**AVAILABLE DATA:**
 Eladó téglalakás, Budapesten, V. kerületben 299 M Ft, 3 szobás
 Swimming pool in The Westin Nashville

...

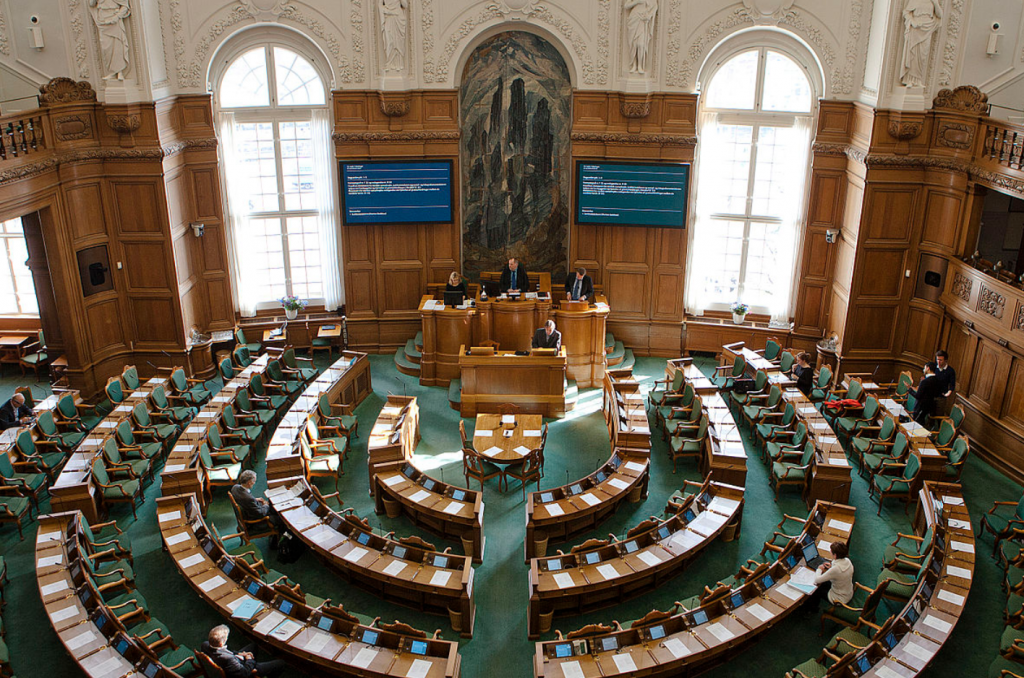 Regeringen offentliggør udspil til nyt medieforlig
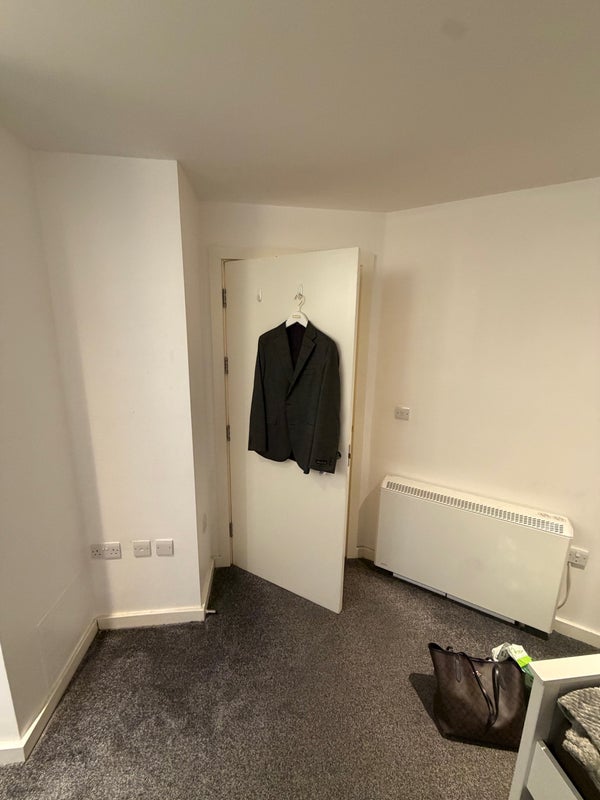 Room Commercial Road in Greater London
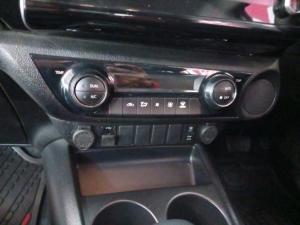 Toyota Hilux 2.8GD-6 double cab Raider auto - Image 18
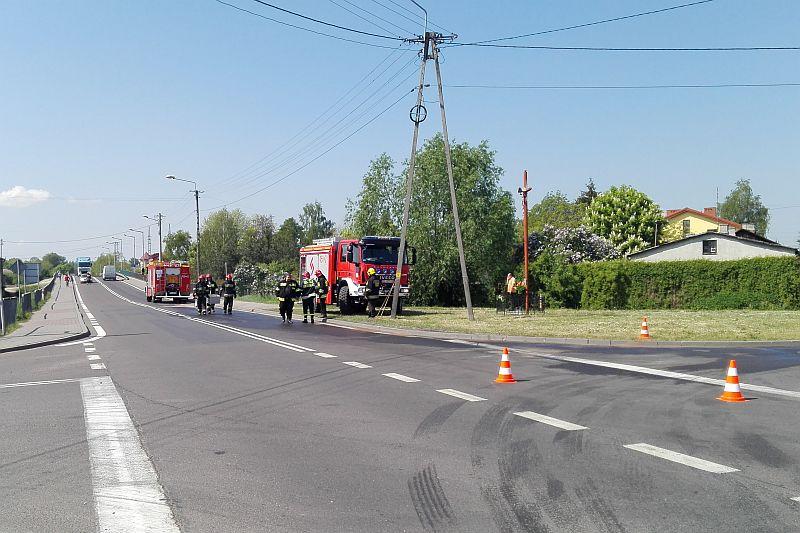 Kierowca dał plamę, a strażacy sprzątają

**WORK REQUEST:** Quote the lines above exactly, starting with the one that has "Regeringen offentliggør udspil" and ending with the one that has "Kierowca dał plamę, a strażacy sprzątają"; drop the pictures and include nothing else.

**ANSWER SPACE:**
 Regeringen offentliggør udspil til nyt medieforlig
 Room Commercial Road in Greater London
 Toyota Hilux 2.8GD-6 double cab Raider auto - Image 18
 Kierowca dał plamę, a strażacy sprzątają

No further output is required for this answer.